Trust in Bankruptcy Lawyers to Save Krystal's

Yes, Krystal’s filed for Chapter 11 Bankruptcy.

But, don’t worry. A bankruptcy filing doesn’t mean that the South’s favorite tiny hamburger is going away. In fact, there’s a good chance it’ll be a stronger chain after all this.

Krystal’s financial problems appear to be a relatively new problem, based on documents filed in the main Bankruptcy case.

As part of the case, the lead company filed a Declaration by its Chief Restructuring Officer, who has been trying to help Krystal correct course (and hired very recently, in November 2019).

Of the nearly 300 locations, the company closed 44 locations in 2019, including 13 closures on December 15, 2019 (in anticipation of the bankruptcy filing, I’d assume).

The quick summary? “Shifting consumer tastes and preferences, growth in labor and commodity costs, increased competition, and unfavorable lease terms.”  You can download and read a full copy of the Declaration here:

The Declaration tells the story of the events leading up to the bankruptcy filing, starting with the invention of the “iconic square hamburger patty slider” in 1932. It’s written by bankruptcy lawyers, so don’t expect a glowing press release.

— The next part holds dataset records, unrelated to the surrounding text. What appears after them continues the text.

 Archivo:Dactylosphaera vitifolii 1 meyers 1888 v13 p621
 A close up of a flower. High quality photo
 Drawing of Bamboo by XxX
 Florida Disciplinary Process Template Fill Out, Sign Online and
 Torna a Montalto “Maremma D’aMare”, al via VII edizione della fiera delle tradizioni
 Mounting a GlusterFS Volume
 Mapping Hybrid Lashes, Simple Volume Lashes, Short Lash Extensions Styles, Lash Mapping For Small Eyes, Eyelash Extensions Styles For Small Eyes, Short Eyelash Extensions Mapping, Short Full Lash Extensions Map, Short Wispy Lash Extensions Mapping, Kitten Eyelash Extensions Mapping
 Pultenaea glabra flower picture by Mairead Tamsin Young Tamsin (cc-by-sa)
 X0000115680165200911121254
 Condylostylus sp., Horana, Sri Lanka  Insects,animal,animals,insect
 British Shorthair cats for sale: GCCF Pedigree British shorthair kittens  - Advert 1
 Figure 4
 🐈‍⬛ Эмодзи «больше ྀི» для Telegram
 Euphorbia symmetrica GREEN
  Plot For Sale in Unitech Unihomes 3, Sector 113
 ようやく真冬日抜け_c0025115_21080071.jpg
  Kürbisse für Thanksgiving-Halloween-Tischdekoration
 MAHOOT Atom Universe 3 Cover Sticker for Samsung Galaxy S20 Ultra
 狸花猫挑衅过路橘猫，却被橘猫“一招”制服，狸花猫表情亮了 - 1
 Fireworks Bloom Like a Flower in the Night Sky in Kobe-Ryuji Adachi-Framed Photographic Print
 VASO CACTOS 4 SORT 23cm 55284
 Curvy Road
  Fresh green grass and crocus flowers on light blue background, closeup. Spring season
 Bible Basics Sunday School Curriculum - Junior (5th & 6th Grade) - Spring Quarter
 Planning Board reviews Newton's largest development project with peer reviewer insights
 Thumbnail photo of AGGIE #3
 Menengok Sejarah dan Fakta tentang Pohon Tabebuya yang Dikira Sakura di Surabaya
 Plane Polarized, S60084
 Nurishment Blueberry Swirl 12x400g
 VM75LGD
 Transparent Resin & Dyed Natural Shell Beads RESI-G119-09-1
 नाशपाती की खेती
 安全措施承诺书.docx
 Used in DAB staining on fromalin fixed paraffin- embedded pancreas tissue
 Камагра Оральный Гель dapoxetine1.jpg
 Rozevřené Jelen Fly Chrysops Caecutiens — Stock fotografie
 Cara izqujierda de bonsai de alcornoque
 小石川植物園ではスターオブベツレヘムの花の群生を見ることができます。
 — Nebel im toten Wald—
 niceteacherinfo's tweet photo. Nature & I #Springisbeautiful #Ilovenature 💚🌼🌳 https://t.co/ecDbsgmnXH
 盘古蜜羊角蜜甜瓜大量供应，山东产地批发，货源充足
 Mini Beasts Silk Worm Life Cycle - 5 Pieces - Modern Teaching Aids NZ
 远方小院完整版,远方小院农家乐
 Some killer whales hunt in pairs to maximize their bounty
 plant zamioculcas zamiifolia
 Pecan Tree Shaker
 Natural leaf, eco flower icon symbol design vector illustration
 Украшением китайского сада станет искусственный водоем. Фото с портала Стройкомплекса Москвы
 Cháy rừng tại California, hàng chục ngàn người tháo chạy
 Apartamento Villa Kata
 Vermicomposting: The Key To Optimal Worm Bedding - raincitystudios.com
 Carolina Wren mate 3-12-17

The summary of the problems is this:

  • Increased competition due to “proliferation of fast casual restaurants as well as online delivery platforms…”
  • “Difficulty finding and retaining qualified employees…”
  • Entry into an expensive store rebuilding program, at a cost of about a million dollars per location.
  • Default under a Forbearance Agreement on a $50 million loan.
  • A “security incident” involving one of the company’s “payment processing systems.”

In a nutshell, the Bankruptcy docket tells a familiar story, about how a changing industry landscape is creating havoc in long-standing businesses.

This is obviously early–in fact, all the filings I looked at are what is called the “First Day Motions.” But, given the amount of debt involved and brand recognition–and, yes, I’m talking about the out-pouring of concern on twitter–I suspect Krystal’s can figure this reorganization out.

And, honestly, I’ve eaten a lot of Krystal’s during my time. If part of the reorganization is shutting down bad stores and remodeling others, I think it’s a good plan.

Medical Debts: The Burden that Keeps on Crushing Debtors

A few months ago, I wrote about a hospital in Memphis that made national news for suing its employees for unpaid medical bills.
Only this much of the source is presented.